§ Exercise details: Copy out the data that comes next, character for character, and leave the images aside.

§ Material provided:
================

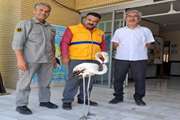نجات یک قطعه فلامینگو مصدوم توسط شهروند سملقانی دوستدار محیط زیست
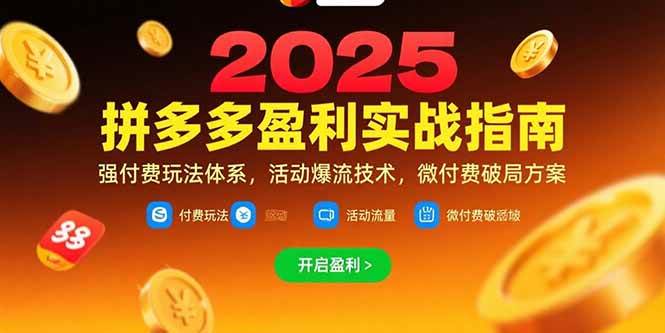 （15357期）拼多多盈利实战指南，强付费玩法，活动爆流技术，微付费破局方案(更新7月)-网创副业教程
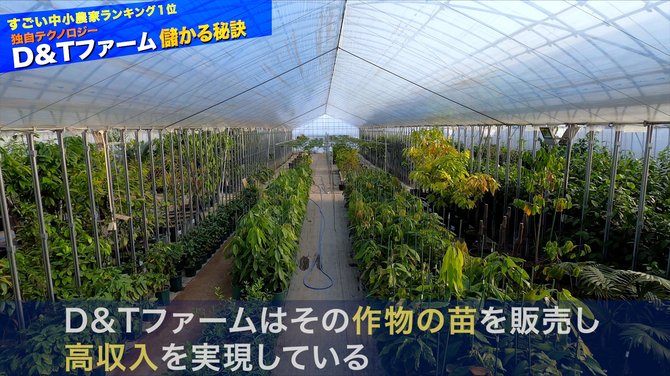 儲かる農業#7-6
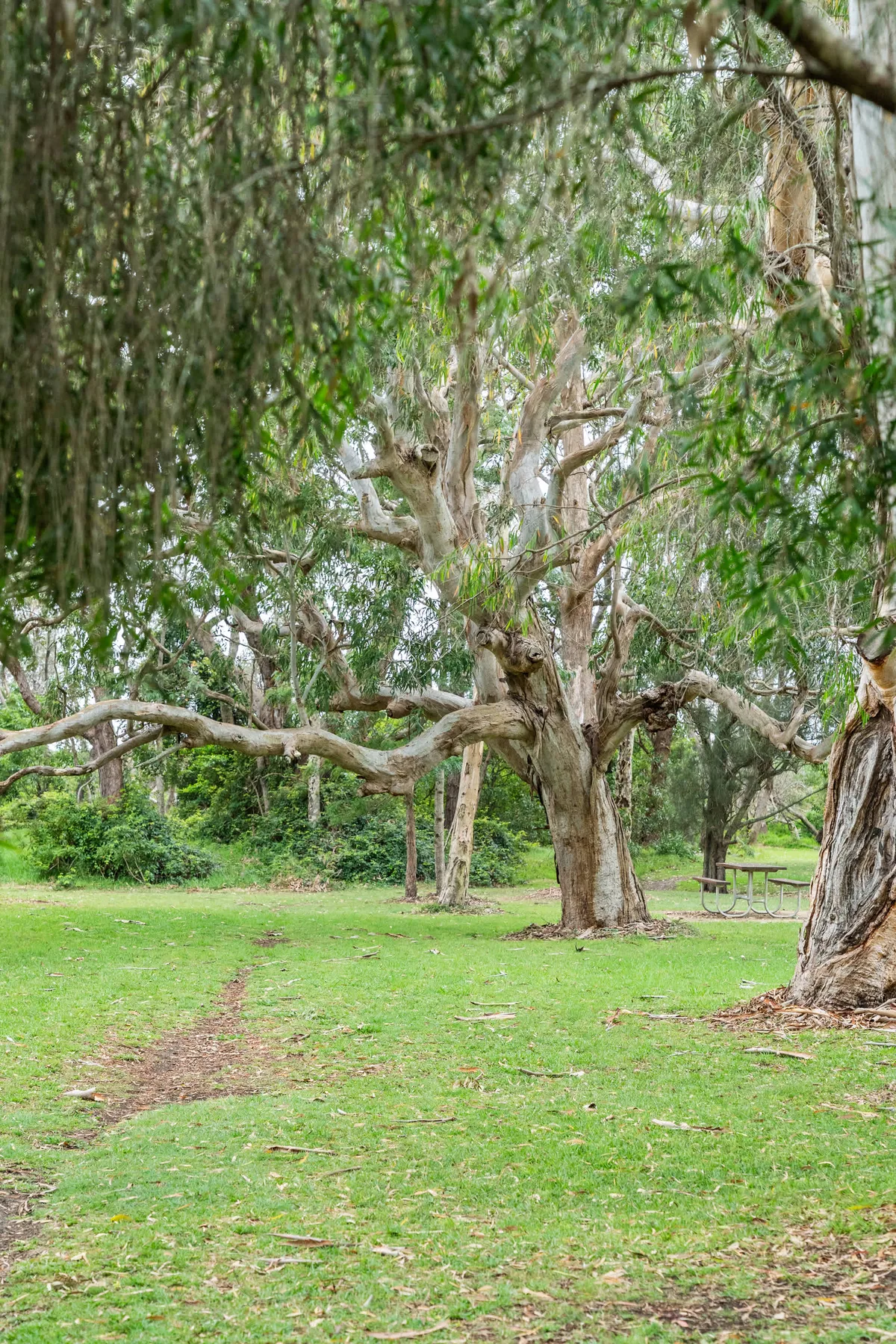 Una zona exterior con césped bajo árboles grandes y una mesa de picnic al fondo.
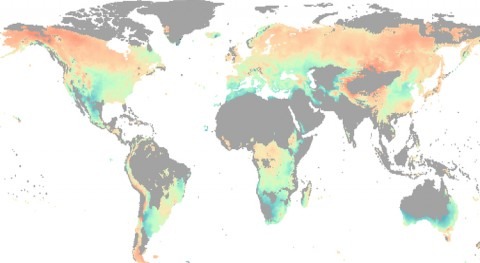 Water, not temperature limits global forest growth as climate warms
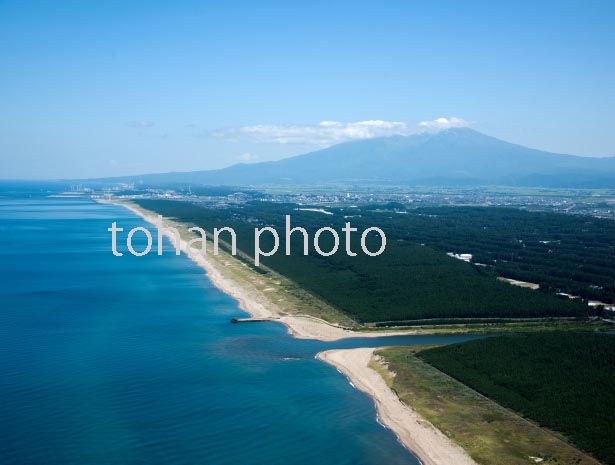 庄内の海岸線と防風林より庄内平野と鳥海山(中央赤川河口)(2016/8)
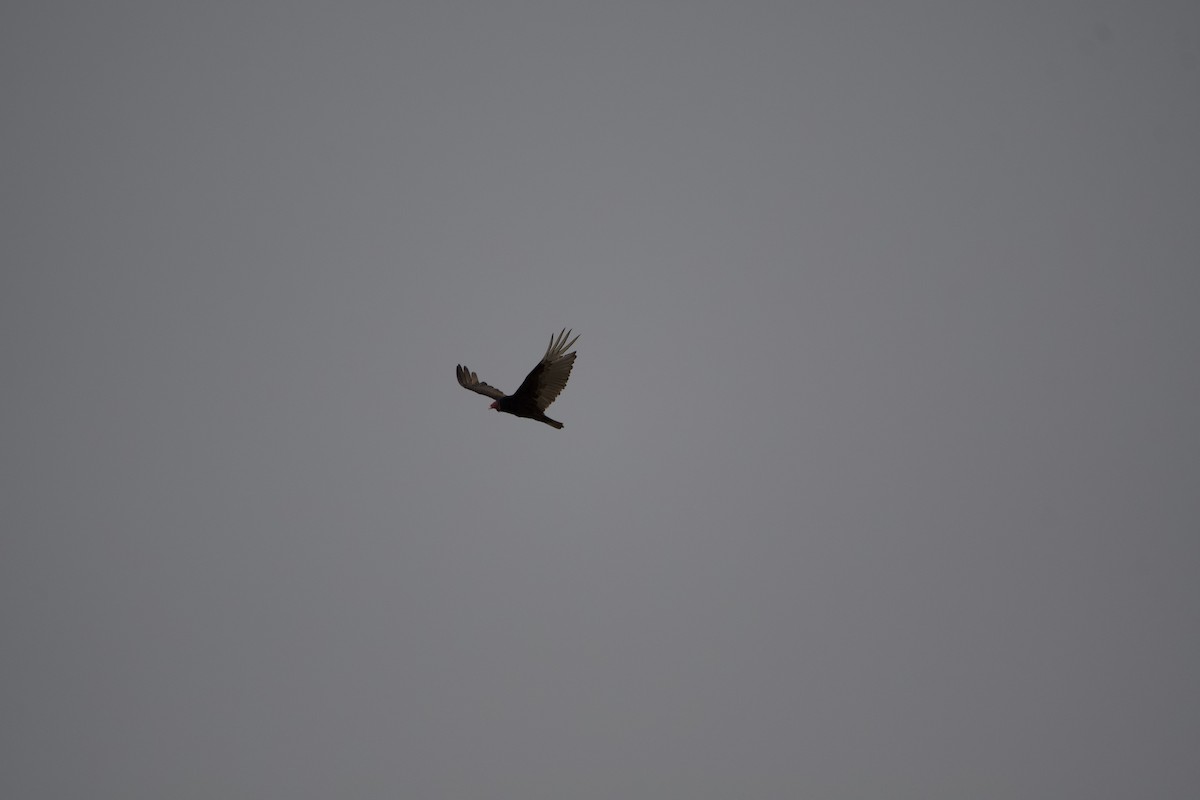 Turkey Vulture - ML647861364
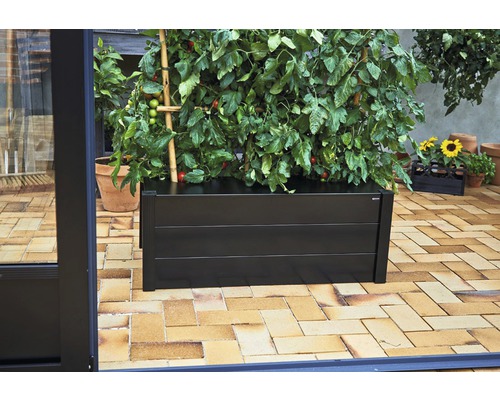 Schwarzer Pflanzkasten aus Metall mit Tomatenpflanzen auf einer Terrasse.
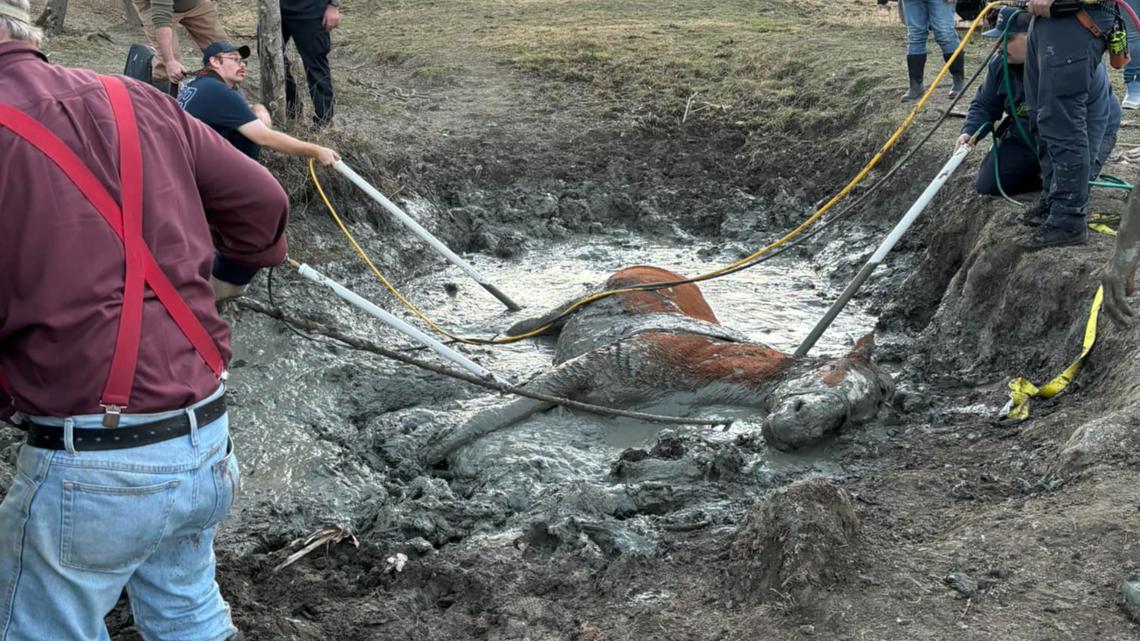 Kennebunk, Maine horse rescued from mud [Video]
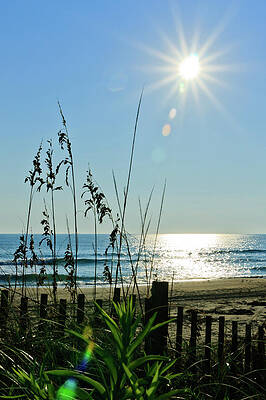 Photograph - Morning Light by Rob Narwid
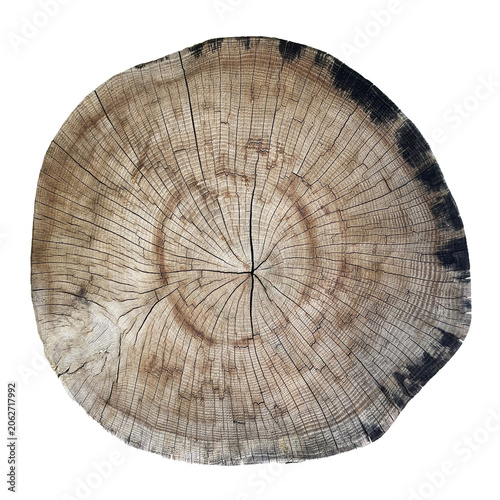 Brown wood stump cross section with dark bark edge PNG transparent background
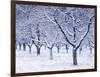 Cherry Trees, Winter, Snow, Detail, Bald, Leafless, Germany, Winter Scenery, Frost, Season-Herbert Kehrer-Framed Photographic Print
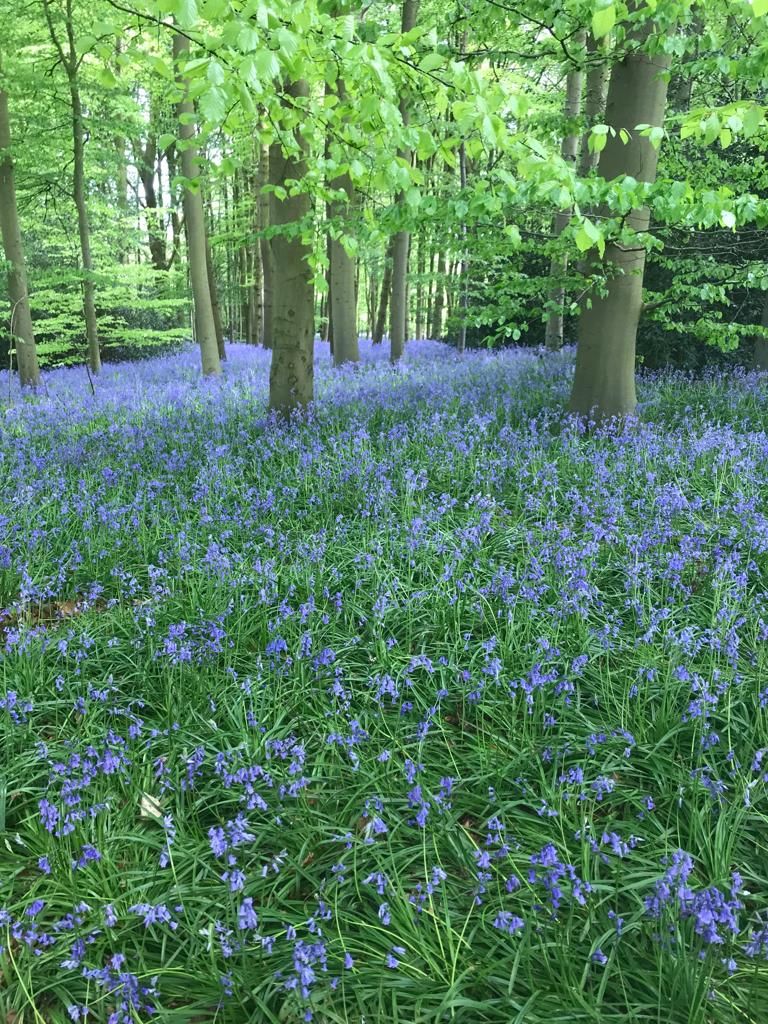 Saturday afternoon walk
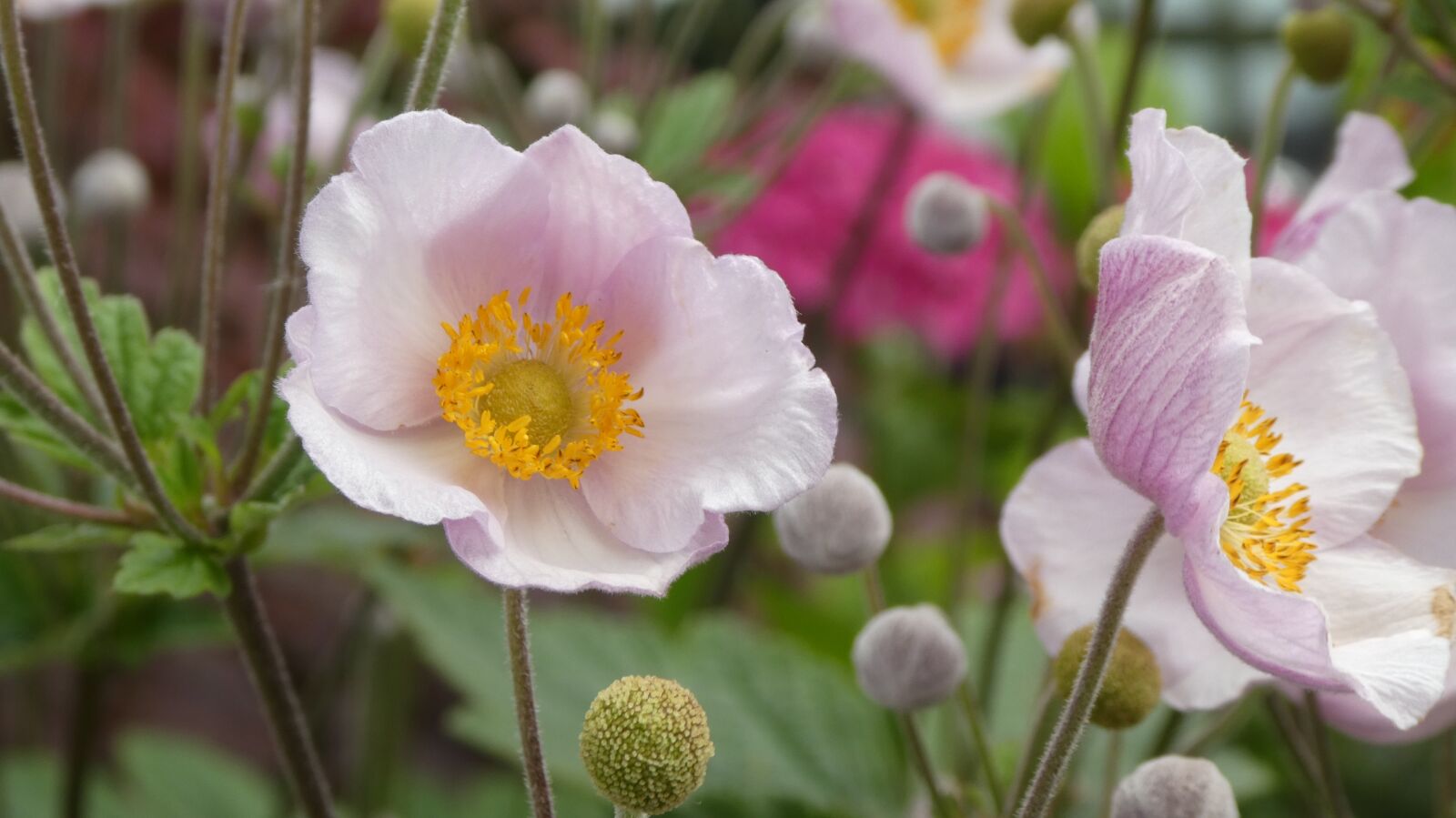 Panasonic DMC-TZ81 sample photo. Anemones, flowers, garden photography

================

§ Exercise result:
نجات یک قطعه فلامینگو مصدوم توسط شهروند سملقانی دوستدار محیط زیست
 （15357期）拼多多盈利实战指南，强付费玩法，活动爆流技术，微付费破局方案(更新7月)-网创副业教程
 儲かる農業#7-6
 Una zona exterior con césped bajo árboles grandes y una mesa de picnic al fondo.
 Water, not temperature limits global forest growth as climate warms
 庄内の海岸線と防風林より庄内平野と鳥海山(中央赤川河口)(2016/8)
 Turkey Vulture - ML647861364
 Schwarzer Pflanzkasten aus Metall mit Tomatenpflanzen auf einer Terrasse.
 Kennebunk, Maine horse rescued from mud [Video]
 Photograph - Morning Light by Rob Narwid
 Brown wood stump cross section with dark bark edge PNG transparent background
 Cherry Trees, Winter, Snow, Detail, Bald, Leafless, Germany, Winter Scenery, Frost, Season-Herbert Kehrer-Framed Photographic Print
 Saturday afternoon walk
 Panasonic DMC-TZ81 sample photo. Anemones, flowers, garden photography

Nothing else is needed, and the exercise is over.